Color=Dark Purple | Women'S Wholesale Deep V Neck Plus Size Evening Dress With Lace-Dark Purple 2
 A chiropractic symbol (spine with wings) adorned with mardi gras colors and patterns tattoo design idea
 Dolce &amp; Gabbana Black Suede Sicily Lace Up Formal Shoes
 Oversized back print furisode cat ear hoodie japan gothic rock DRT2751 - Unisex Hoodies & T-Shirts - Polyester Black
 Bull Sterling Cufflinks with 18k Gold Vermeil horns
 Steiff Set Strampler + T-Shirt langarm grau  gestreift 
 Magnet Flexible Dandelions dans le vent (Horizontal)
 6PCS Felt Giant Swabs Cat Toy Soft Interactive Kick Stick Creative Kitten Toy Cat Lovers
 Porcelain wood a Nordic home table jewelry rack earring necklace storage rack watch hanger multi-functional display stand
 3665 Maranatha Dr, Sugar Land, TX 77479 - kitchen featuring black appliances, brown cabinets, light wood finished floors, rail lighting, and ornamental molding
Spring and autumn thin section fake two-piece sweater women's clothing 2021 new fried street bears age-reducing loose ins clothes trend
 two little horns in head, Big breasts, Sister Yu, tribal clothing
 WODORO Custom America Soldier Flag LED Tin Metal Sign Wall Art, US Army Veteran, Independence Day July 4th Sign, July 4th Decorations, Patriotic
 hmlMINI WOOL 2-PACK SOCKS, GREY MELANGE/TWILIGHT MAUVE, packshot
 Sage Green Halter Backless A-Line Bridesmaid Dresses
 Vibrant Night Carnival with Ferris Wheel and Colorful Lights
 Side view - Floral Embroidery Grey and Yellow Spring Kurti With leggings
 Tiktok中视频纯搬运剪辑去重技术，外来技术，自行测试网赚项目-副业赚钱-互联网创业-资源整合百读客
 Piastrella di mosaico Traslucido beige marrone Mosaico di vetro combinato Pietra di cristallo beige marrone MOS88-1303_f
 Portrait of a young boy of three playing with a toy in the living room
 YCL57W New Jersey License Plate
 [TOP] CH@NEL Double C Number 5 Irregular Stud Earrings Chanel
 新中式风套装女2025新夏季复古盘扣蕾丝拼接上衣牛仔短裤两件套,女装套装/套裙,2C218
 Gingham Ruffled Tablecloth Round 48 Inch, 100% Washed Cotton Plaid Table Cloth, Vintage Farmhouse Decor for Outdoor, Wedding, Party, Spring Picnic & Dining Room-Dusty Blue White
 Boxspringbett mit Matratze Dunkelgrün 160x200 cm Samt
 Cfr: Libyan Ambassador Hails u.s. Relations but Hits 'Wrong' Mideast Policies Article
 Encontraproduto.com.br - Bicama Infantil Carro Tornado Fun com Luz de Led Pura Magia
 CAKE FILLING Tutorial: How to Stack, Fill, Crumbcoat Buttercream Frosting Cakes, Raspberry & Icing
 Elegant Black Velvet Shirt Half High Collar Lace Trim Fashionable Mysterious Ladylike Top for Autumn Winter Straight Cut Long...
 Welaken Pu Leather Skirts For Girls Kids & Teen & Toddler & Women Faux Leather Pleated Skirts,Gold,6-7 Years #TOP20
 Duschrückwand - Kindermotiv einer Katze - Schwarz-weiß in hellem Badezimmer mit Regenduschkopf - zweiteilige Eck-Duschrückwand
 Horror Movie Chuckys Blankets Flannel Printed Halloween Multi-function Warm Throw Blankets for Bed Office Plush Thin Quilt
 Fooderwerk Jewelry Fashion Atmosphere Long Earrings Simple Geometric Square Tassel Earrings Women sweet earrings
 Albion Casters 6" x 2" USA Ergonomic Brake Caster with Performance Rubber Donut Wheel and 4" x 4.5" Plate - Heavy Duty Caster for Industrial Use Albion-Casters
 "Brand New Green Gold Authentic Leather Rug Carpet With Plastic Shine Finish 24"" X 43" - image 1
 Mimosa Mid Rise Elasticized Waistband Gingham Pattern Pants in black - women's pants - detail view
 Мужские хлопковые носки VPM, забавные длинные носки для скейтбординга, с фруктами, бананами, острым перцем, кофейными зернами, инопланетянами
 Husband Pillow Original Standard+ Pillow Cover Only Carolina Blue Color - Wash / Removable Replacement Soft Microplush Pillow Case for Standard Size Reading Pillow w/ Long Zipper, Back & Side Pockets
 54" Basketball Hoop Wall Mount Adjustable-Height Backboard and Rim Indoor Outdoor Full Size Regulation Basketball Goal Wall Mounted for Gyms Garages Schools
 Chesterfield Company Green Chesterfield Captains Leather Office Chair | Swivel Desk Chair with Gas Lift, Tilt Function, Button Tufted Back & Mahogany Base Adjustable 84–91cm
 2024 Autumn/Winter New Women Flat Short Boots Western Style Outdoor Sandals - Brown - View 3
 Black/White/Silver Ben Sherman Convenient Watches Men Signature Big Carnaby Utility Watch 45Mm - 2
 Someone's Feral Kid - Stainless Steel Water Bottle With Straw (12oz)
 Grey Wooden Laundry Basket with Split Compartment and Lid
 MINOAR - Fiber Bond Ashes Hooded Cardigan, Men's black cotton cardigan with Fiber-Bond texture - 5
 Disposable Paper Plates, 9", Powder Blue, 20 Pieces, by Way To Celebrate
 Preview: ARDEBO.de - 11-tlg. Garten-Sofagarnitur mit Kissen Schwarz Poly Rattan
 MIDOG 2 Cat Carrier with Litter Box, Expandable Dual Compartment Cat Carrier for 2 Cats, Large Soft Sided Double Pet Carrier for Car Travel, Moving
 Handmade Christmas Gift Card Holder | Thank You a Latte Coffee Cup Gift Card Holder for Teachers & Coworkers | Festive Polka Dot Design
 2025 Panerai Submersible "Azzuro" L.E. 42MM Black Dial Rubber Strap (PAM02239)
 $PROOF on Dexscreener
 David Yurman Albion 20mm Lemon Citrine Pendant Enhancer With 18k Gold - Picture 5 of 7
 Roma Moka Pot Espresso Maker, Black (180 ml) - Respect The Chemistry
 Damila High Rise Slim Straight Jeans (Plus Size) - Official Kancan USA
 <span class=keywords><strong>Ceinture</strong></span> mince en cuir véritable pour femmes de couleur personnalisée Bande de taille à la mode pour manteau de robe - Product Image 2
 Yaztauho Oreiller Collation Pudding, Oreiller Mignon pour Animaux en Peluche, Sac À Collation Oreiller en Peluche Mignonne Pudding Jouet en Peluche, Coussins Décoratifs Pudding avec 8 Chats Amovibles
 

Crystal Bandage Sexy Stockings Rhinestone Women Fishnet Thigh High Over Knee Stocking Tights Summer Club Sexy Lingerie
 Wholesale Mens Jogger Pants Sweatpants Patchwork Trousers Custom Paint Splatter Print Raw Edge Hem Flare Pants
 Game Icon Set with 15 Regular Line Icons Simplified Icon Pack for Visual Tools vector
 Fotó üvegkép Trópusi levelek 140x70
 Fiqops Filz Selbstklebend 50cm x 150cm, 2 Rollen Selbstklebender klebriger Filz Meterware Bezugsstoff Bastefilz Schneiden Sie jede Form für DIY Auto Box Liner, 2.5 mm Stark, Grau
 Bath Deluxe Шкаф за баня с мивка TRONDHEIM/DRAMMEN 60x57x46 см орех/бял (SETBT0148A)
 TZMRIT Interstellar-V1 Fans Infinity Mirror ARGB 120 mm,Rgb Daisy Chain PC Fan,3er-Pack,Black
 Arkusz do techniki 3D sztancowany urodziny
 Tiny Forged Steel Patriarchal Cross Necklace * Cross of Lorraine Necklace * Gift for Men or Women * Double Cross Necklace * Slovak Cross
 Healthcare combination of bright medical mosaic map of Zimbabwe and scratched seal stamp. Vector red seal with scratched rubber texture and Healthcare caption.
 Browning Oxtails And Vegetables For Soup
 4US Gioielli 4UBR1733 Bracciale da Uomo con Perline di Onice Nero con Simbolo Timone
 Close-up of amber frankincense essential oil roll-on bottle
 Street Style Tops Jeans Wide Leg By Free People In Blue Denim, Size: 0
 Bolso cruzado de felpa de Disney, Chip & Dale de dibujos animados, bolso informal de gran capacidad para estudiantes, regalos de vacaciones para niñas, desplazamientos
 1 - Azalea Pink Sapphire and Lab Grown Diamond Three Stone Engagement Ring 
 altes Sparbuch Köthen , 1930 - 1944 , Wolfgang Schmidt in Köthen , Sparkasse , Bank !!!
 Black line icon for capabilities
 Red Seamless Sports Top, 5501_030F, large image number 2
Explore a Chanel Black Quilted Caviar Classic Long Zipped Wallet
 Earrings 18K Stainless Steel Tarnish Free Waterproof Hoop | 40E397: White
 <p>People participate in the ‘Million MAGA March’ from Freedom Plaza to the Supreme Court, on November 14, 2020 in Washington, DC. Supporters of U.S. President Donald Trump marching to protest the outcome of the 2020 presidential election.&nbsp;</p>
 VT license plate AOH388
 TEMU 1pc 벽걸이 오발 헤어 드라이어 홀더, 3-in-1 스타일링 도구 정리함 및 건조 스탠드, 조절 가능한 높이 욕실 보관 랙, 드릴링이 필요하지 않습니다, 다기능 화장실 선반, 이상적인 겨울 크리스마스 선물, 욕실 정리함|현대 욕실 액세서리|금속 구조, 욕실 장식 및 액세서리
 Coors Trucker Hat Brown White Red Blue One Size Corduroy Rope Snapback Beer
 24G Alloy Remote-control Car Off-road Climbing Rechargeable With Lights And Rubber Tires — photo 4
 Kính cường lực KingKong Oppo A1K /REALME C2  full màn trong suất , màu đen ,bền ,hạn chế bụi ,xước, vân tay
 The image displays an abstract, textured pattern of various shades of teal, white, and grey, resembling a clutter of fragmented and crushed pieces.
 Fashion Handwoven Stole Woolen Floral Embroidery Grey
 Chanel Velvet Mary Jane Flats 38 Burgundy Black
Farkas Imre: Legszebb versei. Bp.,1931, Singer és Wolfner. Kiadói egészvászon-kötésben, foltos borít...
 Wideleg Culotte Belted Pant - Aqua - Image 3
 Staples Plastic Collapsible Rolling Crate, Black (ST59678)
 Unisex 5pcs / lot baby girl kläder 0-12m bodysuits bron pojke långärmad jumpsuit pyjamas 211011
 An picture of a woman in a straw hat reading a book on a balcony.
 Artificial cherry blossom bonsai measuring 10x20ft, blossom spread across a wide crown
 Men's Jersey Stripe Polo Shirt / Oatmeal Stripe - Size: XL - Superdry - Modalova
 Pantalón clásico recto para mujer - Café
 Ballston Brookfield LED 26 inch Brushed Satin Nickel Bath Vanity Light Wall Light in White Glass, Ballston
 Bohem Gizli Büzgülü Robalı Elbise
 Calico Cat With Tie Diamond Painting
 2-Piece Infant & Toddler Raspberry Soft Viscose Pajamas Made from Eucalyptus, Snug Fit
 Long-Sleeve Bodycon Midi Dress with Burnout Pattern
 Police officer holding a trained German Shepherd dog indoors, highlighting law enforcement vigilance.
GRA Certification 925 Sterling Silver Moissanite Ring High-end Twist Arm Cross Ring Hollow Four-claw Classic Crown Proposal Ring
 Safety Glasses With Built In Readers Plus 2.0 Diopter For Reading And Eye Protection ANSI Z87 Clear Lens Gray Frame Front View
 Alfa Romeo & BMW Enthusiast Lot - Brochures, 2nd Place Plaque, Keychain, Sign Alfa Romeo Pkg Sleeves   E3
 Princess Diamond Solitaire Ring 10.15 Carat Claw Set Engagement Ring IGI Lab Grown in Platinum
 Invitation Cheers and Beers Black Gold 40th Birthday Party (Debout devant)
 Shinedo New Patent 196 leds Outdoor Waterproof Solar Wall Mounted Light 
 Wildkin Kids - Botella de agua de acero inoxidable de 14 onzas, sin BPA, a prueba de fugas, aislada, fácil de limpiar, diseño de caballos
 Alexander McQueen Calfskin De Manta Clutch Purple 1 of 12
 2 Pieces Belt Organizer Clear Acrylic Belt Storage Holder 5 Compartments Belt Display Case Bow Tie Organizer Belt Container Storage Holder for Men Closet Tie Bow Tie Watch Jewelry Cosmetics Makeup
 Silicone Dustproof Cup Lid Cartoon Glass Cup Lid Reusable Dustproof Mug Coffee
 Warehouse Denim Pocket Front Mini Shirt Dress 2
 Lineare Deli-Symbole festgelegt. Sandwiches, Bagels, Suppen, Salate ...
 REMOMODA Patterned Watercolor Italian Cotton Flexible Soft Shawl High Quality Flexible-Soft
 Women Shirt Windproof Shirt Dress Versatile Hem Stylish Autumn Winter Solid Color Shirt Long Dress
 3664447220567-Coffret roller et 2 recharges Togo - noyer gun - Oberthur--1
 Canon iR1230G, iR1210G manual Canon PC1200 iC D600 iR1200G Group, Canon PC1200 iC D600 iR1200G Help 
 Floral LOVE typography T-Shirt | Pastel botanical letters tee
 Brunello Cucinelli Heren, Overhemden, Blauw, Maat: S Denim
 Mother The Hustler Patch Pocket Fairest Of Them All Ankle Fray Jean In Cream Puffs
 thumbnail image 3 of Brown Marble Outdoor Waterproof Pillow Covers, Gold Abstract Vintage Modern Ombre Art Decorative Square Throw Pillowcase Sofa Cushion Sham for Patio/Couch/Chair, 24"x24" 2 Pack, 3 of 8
——————————
Within the material, find all lines that hold the word "Velvet" and show them.

 Elegant Black Velvet Shirt Half High Collar Lace Trim Fashionable Mysterious Ladylike Top for Autumn Winter Straight Cut Long...
 Chanel Velvet Mary Jane Flats 38 Burgundy Black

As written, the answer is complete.